Armstrong, Hartley, Colpitts, Clapp, Wallin...

Posted: 11/5/2020 7:03:55 PM
Buggins

From: Theremin Motherland

Joined: 3/16/2017

I'm starting this thread to discuss (probably) new kind of oscillator.
Separate thread will help not to miss interesting idea lost in tons of other posts.

Simplified schematics: LC tank + resistor + differential amplifier (comparator)

Is current sensing differential amplifier LC oscillator known?

Last invention of LC oscillator mentioned on Wiki is dated 70 years ago.


Code:
Armstrong, 1912
Hartley, 1915
Colpitts, 1918
Vackar, 1945
Clapp, 1948

I couldn't google anything similar to oscillator proposed by Eric (dewster on TW).

The only current sensing solutions I found are related to power consumption measurements.

If it's new kind of oscillator, it looks like a real invention.

Code:
Wallin, 2020

First description of Eric's idea can be found in this post of "Teensy 4.0 600MHz ARM Cortex M-7 MCU - ideal for digital MCU based theremin?" thread.


If you are going to have a high speed op-amp in there, you might try differentially sensing the coil drive current, which is 180 degrees out of phase with the drive voltage (the following was just hacked together a while ago with CMOS and could be improved, not sure the BPF is good or necessary, and of course the sensing R can be a Q killer)If you are going to have a high speed op-amp in there, you might try differentially sensing the coil drive current, which is 180 degrees out of phase with the drive voltage (the following was just hacked together a while ago with CMOS and could be improved, not sure the BPF is good or necessary, and of course the sensing R can be a Q killer)
-- dewster


Correction:

I actually came up with that circuit in this post on 12/10/2013.
-- dewster


Post with BJT implementation test report in "Let's Design and Build a (simple) Analog Theremin!" thread.


I believe it's awesome idea.

Stable 400Vpp swing on antenna oscillator is probably the best one for theremins.


I wonder if it could be possible to see in future wiki article https://en.wikipedia.org/wiki/Wallin_oscillator ?

Posted: 11/5/2020 8:06:00 PM
ILYA

From: Theremin Motherland

Joined: 11/13/2005

At the time I am working on the measurement set for coils SRF investigations.

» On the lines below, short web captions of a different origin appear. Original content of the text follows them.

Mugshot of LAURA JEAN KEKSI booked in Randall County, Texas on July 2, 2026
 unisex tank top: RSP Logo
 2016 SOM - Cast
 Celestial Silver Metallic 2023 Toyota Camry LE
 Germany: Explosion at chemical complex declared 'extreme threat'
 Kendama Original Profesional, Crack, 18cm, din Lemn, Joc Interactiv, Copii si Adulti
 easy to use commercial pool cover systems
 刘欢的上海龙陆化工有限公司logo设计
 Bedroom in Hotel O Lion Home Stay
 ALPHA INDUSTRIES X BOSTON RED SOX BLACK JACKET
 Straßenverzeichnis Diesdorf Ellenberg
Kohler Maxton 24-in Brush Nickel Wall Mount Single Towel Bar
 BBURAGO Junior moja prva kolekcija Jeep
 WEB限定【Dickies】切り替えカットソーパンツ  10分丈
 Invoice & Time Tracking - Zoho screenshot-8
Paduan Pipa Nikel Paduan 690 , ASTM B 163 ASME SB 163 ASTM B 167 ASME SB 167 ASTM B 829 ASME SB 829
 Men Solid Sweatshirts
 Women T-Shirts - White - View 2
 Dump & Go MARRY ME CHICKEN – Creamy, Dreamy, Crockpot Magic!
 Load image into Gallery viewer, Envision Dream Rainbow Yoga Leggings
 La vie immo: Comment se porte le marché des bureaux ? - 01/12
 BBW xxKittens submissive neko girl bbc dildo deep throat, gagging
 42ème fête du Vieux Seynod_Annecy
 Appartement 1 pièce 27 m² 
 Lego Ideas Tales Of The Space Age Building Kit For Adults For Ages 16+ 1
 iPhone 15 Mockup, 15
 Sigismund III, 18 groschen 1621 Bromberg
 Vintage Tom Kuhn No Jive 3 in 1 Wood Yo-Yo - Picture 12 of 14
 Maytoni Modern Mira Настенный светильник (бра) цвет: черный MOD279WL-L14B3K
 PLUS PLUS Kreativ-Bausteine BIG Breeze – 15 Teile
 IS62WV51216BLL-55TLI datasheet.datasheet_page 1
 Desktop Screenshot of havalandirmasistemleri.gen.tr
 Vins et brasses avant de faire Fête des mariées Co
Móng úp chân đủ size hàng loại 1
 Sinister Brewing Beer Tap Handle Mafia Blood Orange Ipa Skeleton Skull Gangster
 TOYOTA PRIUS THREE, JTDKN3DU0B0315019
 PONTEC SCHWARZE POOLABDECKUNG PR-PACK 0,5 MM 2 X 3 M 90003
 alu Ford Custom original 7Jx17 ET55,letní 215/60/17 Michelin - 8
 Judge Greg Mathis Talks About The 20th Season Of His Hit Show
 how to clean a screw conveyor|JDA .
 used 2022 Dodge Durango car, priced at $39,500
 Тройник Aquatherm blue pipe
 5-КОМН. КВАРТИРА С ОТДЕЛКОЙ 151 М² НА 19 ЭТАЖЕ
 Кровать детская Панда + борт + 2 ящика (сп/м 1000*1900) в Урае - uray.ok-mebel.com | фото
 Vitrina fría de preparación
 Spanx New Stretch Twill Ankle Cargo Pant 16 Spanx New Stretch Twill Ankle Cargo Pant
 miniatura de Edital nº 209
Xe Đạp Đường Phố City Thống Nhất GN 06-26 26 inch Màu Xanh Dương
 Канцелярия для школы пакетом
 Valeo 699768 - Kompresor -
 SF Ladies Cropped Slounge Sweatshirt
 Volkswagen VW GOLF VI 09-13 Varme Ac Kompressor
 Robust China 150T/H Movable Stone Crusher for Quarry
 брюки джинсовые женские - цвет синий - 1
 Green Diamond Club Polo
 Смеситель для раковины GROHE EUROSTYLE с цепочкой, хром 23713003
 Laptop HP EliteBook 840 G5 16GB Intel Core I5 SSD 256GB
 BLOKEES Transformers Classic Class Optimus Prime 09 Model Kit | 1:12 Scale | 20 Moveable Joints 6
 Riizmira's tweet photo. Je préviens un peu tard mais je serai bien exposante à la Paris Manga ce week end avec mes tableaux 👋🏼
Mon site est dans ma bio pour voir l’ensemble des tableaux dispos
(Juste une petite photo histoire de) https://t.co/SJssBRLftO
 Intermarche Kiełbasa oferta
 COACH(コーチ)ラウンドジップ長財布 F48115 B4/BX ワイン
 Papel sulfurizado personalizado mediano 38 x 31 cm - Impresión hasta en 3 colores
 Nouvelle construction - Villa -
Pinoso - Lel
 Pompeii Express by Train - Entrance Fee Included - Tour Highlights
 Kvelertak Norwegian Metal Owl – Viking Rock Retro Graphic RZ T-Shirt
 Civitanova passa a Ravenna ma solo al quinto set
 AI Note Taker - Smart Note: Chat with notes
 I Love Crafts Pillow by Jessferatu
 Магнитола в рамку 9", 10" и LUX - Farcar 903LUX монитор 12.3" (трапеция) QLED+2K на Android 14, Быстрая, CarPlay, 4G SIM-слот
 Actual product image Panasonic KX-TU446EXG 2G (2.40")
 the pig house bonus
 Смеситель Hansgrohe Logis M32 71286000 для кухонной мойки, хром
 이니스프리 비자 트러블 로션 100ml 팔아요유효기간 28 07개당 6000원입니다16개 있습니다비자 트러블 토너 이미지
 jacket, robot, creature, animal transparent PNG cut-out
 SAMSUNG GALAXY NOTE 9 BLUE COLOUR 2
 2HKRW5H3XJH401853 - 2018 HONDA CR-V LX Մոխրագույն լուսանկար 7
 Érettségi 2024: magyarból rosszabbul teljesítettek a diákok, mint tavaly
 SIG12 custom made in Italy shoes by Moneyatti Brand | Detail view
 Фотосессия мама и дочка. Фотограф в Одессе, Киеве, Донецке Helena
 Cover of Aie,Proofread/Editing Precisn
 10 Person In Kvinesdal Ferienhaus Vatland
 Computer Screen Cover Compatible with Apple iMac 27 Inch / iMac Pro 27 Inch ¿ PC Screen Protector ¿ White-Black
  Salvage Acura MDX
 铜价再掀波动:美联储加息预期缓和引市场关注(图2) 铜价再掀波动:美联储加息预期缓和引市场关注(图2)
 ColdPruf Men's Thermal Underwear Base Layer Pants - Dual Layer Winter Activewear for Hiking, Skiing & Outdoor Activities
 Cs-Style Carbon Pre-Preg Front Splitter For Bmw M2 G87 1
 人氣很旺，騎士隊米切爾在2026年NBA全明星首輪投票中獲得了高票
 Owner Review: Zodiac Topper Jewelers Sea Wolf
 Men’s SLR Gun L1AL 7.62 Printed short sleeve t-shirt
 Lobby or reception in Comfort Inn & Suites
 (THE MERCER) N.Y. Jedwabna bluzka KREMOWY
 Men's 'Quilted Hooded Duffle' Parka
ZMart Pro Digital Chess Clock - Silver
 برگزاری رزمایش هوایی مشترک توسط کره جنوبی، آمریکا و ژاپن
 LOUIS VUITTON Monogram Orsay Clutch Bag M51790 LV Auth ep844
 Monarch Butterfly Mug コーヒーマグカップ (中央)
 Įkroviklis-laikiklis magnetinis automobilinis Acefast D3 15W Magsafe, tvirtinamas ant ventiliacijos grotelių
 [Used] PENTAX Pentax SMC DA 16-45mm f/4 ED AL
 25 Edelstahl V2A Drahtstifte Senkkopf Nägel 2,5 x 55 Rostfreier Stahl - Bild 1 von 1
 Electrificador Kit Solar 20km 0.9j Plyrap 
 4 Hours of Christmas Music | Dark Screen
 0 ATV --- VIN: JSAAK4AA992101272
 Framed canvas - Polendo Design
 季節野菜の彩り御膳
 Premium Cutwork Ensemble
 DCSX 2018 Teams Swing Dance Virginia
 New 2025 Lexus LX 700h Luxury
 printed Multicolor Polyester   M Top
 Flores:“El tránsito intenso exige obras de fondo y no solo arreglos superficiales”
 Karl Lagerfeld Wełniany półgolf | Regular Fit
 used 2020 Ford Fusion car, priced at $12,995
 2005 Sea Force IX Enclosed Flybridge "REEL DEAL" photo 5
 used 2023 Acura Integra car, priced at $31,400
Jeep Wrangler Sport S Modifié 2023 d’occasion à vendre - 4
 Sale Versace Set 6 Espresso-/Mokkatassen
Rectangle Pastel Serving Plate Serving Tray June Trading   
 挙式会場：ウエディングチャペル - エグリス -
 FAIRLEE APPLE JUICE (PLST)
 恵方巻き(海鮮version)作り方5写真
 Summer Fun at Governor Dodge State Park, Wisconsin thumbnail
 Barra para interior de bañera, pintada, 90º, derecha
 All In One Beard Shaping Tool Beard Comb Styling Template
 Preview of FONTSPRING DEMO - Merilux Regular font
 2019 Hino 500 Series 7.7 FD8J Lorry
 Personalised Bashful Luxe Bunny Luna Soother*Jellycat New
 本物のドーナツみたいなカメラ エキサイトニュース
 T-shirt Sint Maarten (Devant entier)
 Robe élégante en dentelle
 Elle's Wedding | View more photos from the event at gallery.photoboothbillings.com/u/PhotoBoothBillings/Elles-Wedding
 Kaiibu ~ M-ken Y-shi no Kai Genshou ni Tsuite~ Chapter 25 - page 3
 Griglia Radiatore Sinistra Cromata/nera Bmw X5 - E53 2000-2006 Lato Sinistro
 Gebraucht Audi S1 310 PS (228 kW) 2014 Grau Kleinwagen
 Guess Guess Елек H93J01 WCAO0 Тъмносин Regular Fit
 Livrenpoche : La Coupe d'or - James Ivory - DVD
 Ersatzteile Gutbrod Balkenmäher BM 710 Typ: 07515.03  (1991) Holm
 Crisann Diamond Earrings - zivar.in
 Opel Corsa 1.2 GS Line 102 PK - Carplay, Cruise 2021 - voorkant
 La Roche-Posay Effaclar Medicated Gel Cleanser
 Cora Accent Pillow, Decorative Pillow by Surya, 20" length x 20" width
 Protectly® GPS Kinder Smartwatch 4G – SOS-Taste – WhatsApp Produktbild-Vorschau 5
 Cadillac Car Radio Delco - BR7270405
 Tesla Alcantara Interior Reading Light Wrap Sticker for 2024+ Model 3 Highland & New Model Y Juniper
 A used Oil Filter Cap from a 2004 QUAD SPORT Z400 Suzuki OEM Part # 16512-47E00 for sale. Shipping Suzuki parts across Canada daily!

The main requirement is connecting the coil just via "bottom end". Istead of differential input amp and current sensing resistor I use a current transformer (a ferrite ring coil). Works well, but the dewster's circuit is possible better. Needs try.

The LT1711 is too expensive.

Posted: 11/5/2020 8:12:11 PM
ILYA

From: Theremin Motherland

Joined: 11/13/2005

"Stable 400Vpp swing on antenna oscillator"

Not a problem. Directly depends on the pump current.

Posted: 11/5/2020 9:06:37 PM
Thierry

From: Colmar, France

Joined: 12/31/2007

A too high voltage swing at the antenna might become a problem when several Thereminists want to play together because the higher the voltage the higher the interferences seen by neighbored instruments. 

An Etherwave Pro drives the pitch antenna circuit already with 42Vpp which is then multiplied by ~10 in the series resonant circuit formed by the linearization coils and the pitch antenna. When an EPro works in a room, it’s almost impossible to play an Etherwave Standard/Plus in the same room, due to strong ghost tones and noise. A tVox tour theremin side by side with an EPro will simply be mute because the radiation of the EPro’s pitch antenna will overdrive the volume phase discriminator of the tVox.

That’s why George Pavlov, the designer of the tVox and the late Fred Mundell always stated that the effective voltage at either antenna should be bigger than 40Vpp for noise immunity and smaller than 90Vpp to reduce interferences between instruments. Two tVox tour Theremins can operate side by side when set 2 to 3 meters apart.

Posted: 11/6/2020 4:54:46 PM
dewster

From: Northern NJ, USA

Joined: 2/17/2012

Thank you for the recognition Vadim!

"First description of Eric's idea can be found in this post of "Teensy 4.0 600MHz ARM Cortex M-7 MCU - ideal for digital MCU based theremin?" thread."  - Buggins

I actually came up with that circuit in this post on 12/10/2013.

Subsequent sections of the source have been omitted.